What you have to do:
Take the lines in the listing below from the line with "RNHGBB Lingerie Sets" up to and including the line with "Baidnath Kasturi Bhairava" and set them down exactly, skipping pictures and adding nothing.

Data to examine:
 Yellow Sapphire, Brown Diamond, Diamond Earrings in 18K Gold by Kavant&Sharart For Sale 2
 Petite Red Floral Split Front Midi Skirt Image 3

==

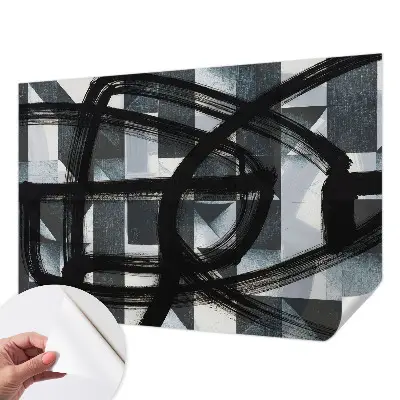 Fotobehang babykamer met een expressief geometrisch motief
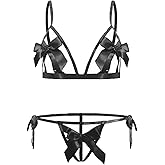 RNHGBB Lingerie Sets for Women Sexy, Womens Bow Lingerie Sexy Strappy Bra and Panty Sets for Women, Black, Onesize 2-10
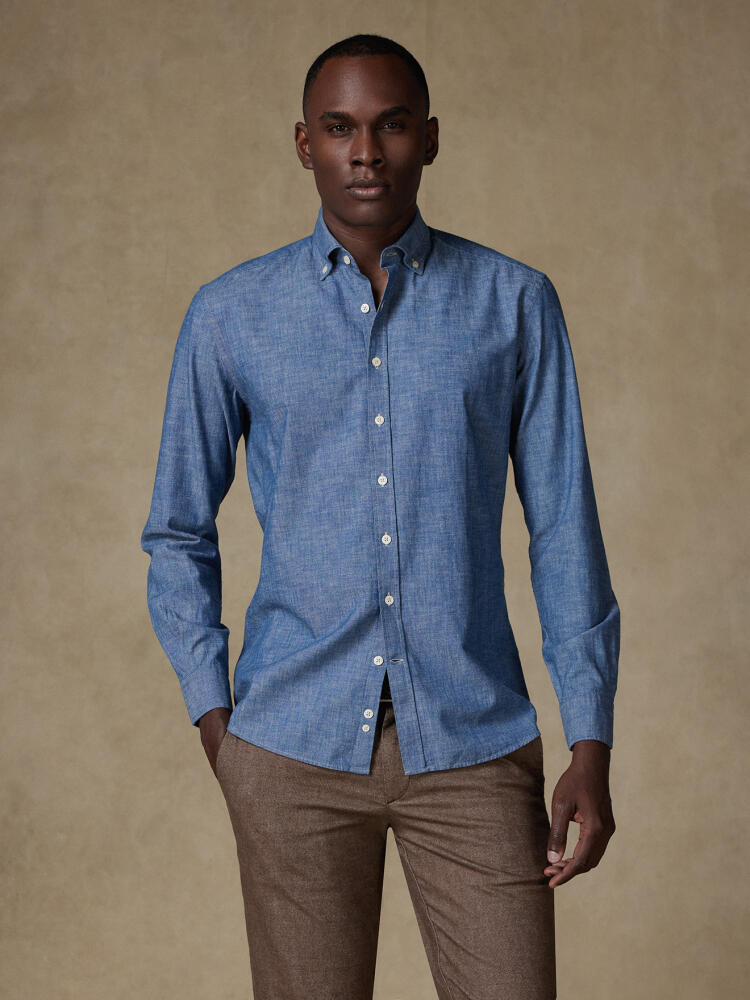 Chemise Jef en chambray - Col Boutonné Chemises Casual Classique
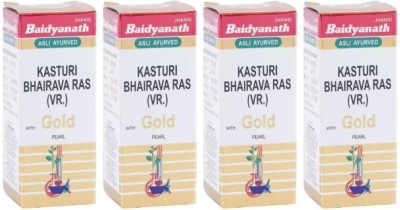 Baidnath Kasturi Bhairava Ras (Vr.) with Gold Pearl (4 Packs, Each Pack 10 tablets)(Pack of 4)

Task response:
 RNHGBB Lingerie Sets for Women Sexy, Womens Bow Lingerie Sexy Strappy Bra and Panty Sets for Women, Black, Onesize 2-10
 Chemise Jef en chambray - Col Boutonné Chemises Casual Classique
 Baidnath Kasturi Bhairava Ras (Vr.) with Gold Pearl (4 Packs, Each Pack 10 tablets)(Pack of 4)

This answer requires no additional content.